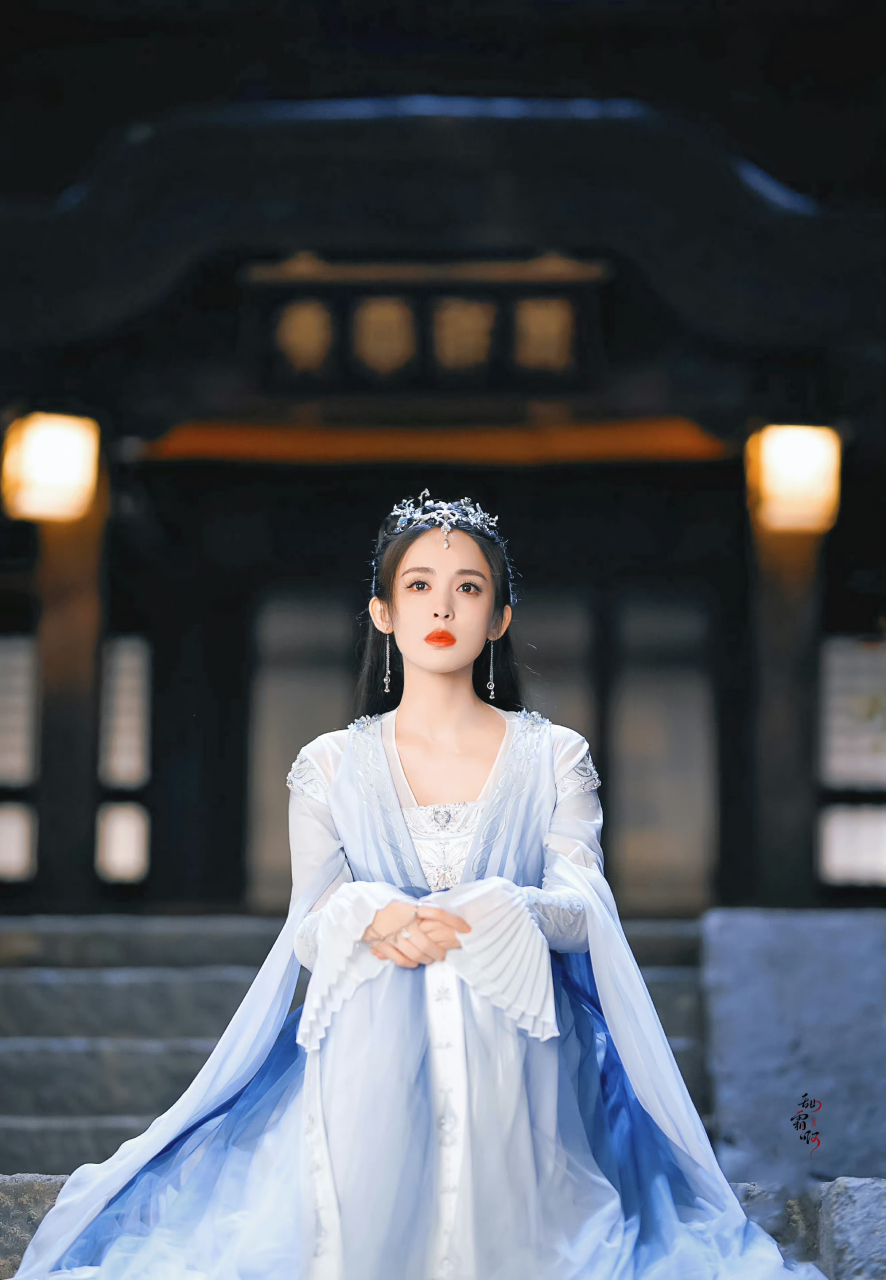 来看看神女,太漂亮噜!  电视剧雪鹰领主| 余靖秋 · 娜扎 67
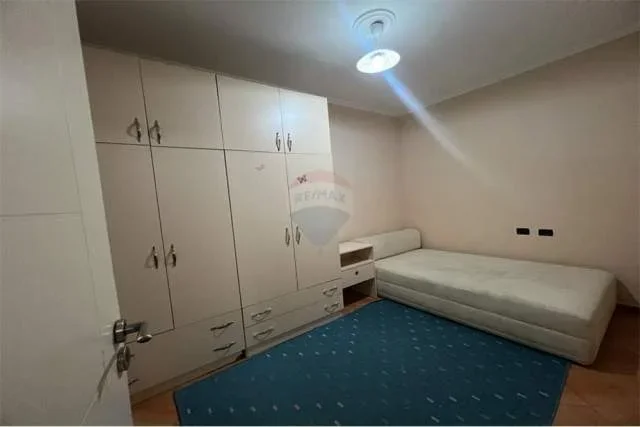 Tirane, jepet me qera apartament 2+1 Kati 4, 70 m² 550 Euro (Rruga e Kavajes)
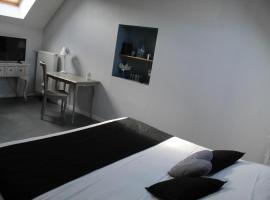 L'Heure Bleue gîtes et chambres d'hôtes，位于Givenchy-en-Gohelle的家庭/亲子酒店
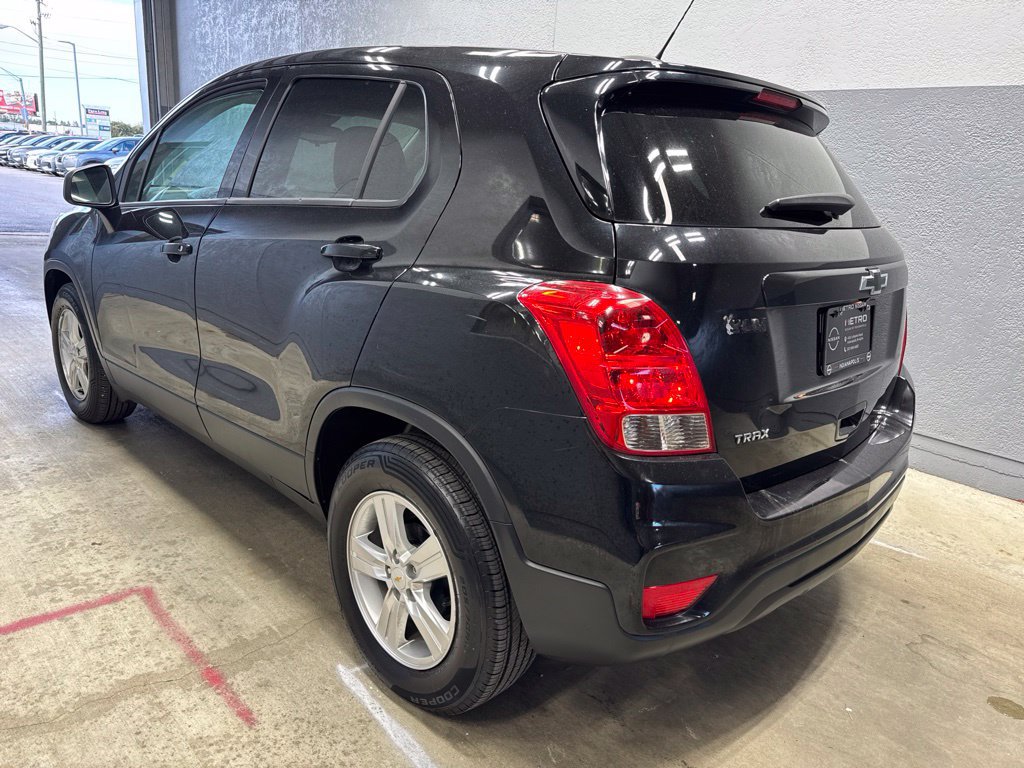 Used 2020 Chevrolet Trax LS w/ Tint and Cruise Package FWD image 7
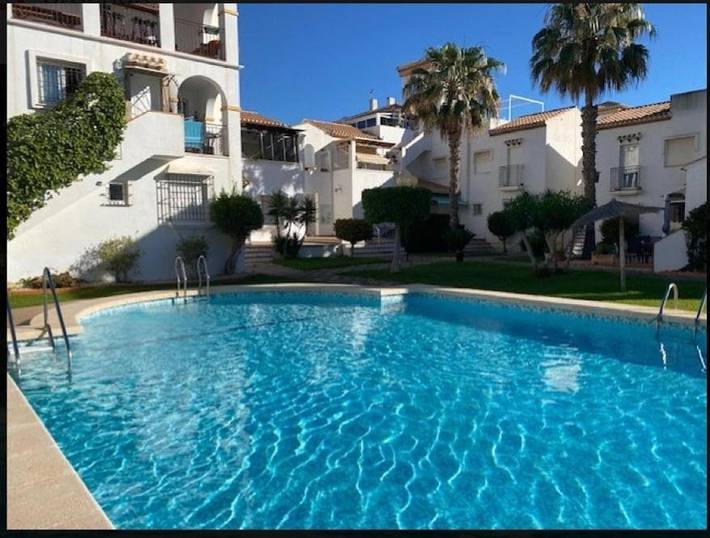 Gîte pour 4 personnes, avec piscine et jardin dans Playa Flamenca - 2
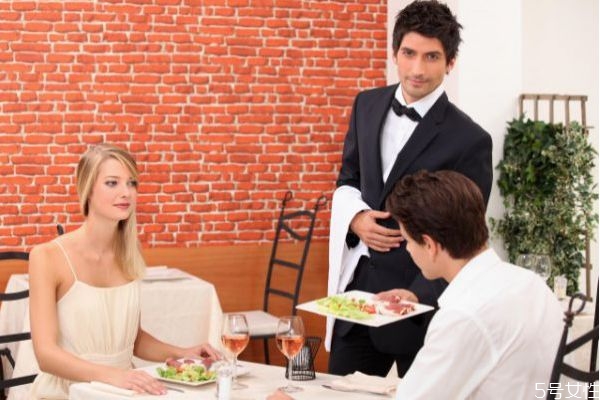 如何和變心的老公溝通 老公變心了怎么跟他談 如何和變心的老公溝通 老公變心了怎么跟他談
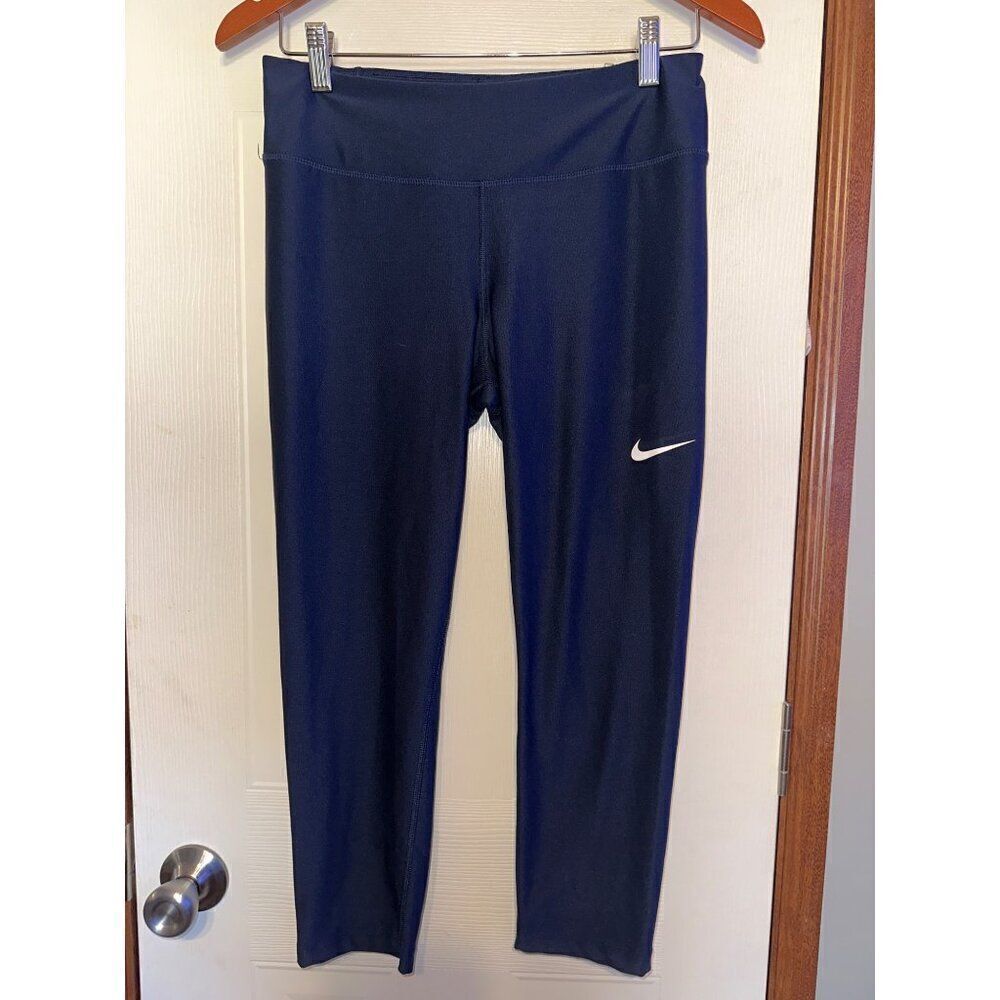 Nike Dri-Fit Black Cropped Leggings‎  Size Medium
______
**What to produce:** Your answer must be exactly the lines from the one with "如何和變心的老公溝通 老公變心了怎么跟他談 如何和變心的老公溝通 老公變心了怎么跟他談" through the final line of the data, with no pictures in it.

**Output of the task:**
 如何和變心的老公溝通 老公變心了怎么跟他談 如何和變心的老公溝通 老公變心了怎么跟他談
 Nike Dri-Fit Black Cropped Leggings‎  Size Medium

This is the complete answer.